:: Provided records ::
+ + +
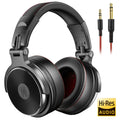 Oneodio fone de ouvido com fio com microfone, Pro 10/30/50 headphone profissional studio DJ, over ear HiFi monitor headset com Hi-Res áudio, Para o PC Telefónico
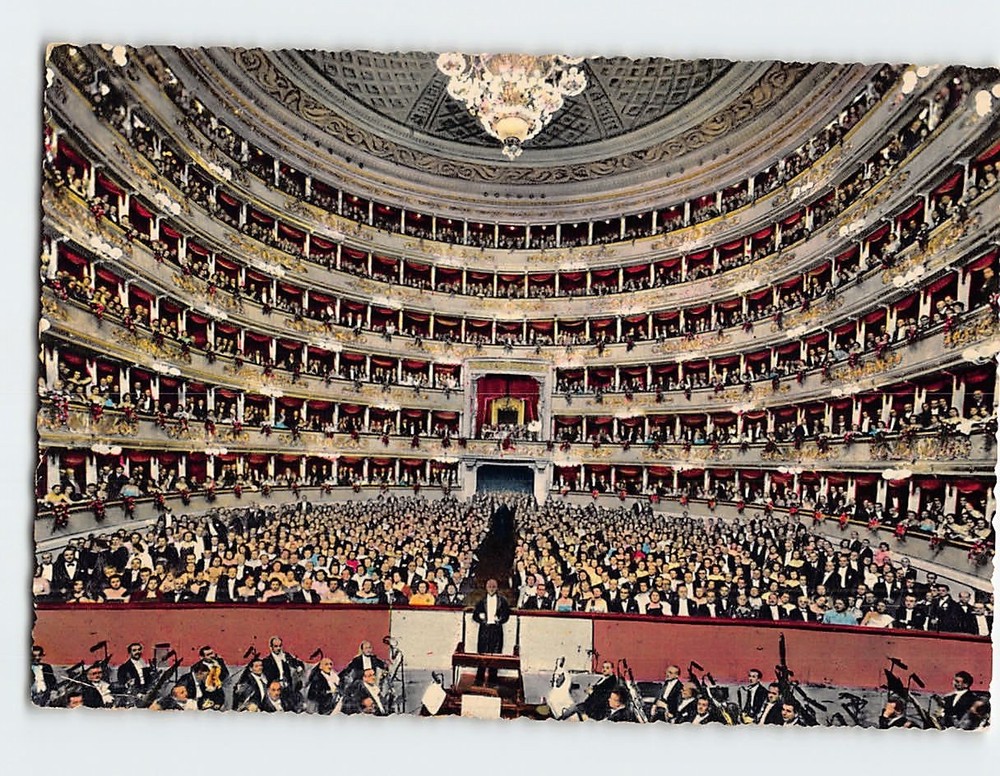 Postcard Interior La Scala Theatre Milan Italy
+ + +
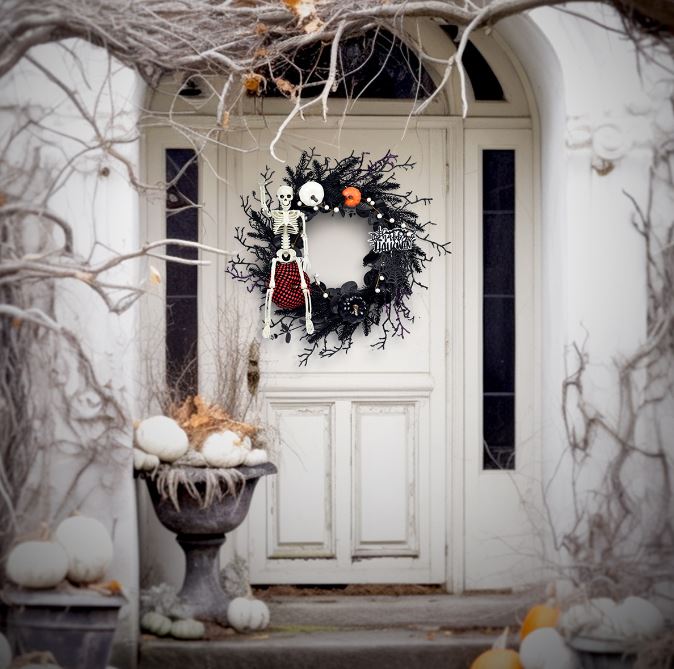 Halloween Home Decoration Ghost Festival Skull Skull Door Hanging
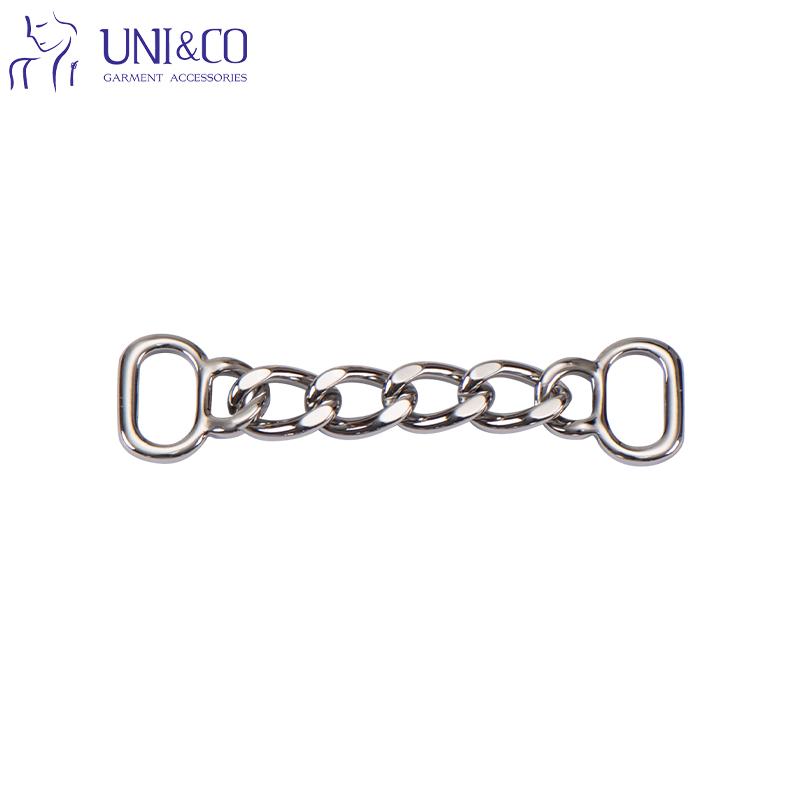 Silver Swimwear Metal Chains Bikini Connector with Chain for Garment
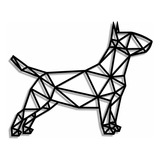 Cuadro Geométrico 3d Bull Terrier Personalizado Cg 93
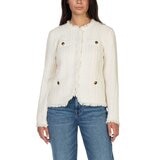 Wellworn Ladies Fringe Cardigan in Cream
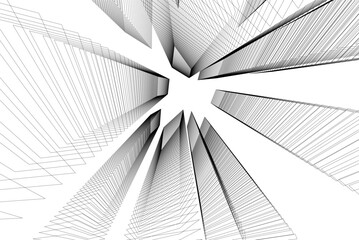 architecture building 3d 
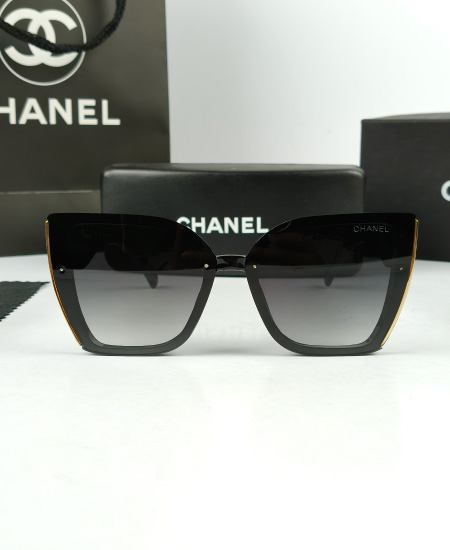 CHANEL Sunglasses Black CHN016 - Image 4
+ + +
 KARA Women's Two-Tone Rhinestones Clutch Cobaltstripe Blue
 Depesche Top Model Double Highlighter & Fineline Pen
+ + +
What you write must match the listing exactly, from the line with "Oneodio fone de" up to and including the line with "Postcard Interior La". Pictures stay out.

:: Task answer ::
 Oneodio fone de ouvido com fio com microfone, Pro 10/30/50 headphone profissional studio DJ, over ear HiFi monitor headset com Hi-Res áudio, Para o PC Telefónico
 Postcard Interior La Scala Theatre Milan Italy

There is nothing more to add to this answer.